Interventions

Observational defaults, hard-intervention workflows, and intervention artifact guardrails.

dagzoo supports two intervention regimes on the public generation path:

  • observational: the safe default; generation behaves exactly like the baseline prior and public artifacts omit intervention metadata
  • hard_interventional: fixed interventions overwrite one or more resolved targets during generation and emit a stable summary identity downstream

This page covers the shipped intervention surface: standard observational generation plus fixed hard interventions that produce stable summary metadata in the emitted artifacts.


When to use

  • You want one corpus that holds all else fixed except a targeted causal intervention regime.
  • You need stable downstream auditability for intervention-vs-observational runs without inventing a separate generator subsystem.
  • You want public artifacts to expose only the regime summary while keeping the authored selector/value payload in effective_config.yaml.

Supported selector shapes

hard_interventional supports these selector kinds:

  • target: directly overwrites emitted y after postprocess
  • feature_node: resolves an emitted feature index back to its latent node, then clamps that node and descendants during generation execution
  • latent_node: directly clamps a latent DAG node and descendants during generation execution

Multiple targets are allowed when they resolve cleanly.
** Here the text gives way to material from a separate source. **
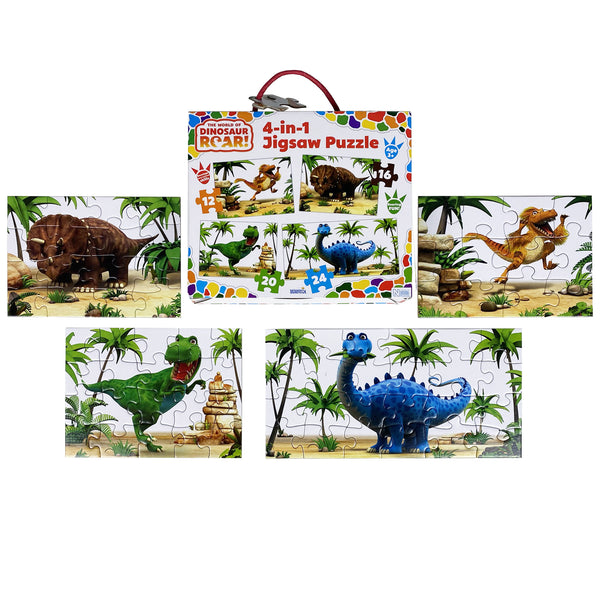 The World of Dinosaur Roar!  4-in-1 Puzzle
Colliding selectors are rejected instead of silently picking one.


Preset workflows

Use the smoke presets when you want runnable examples for each supported selector shape:

dagzoo generate --config configs/preset_intervention_target_generate_smoke.yaml --num-datasets 25 --out data/run_intervention_target
dagzoo generate --config configs/preset_intervention_feature_node_generate_smoke.yaml --num-datasets 25 --out data/run_intervention_feature_node
dagzoo generate --config configs/preset_intervention_latent_node_generate_smoke.yaml --num-datasets 25 --out data/run_intervention_latent_node

Custom authoring

Target intervention:

intervention:
  mode: hard_interventional
  targets:
    - target_kind: target
      value: 2.5

Feature-node intervention:

intervention:
  mode: hard_interventional
  targets:
    - target_kind: feature_node
      index: 1
      value: -1.25

Latent-node intervention:

intervention:
  mode: hard_interventional
  targets:
    - target_kind: latent_node
      index: 0
      value: 1.75

Artifact expectations

  • effective_config.yaml keeps the canonicalized intervention.targets list plus the derived intervention.signature
  • in-process DatasetBundle.metadata adds a top-level metadata.intervention = {mode, signature} summary for hard-interventional runs
  • public dataset_catalog.parquet records expose only that summary object
  • handoff_manifest.json aggregates one optional provenance.intervention = {mode, signature} summary per generated corpus
  • observational runs omit intervention fields from public artifacts entirely

Guardrails

  • Omit the intervention section entirely when you want default observational behavior.
  • Public artifacts never expose authored selector/value payloads; use the authored config or effective_config.yaml when you need the full intervention spec.
  • target_kind: target must not set index.
  • target_kind: feature_node requires index < dataset.n_features_min.
  • target_kind: latent_node requires index < graph.n_nodes_min.
  • Classification target interventions coerce the authored value modulo the realized class count.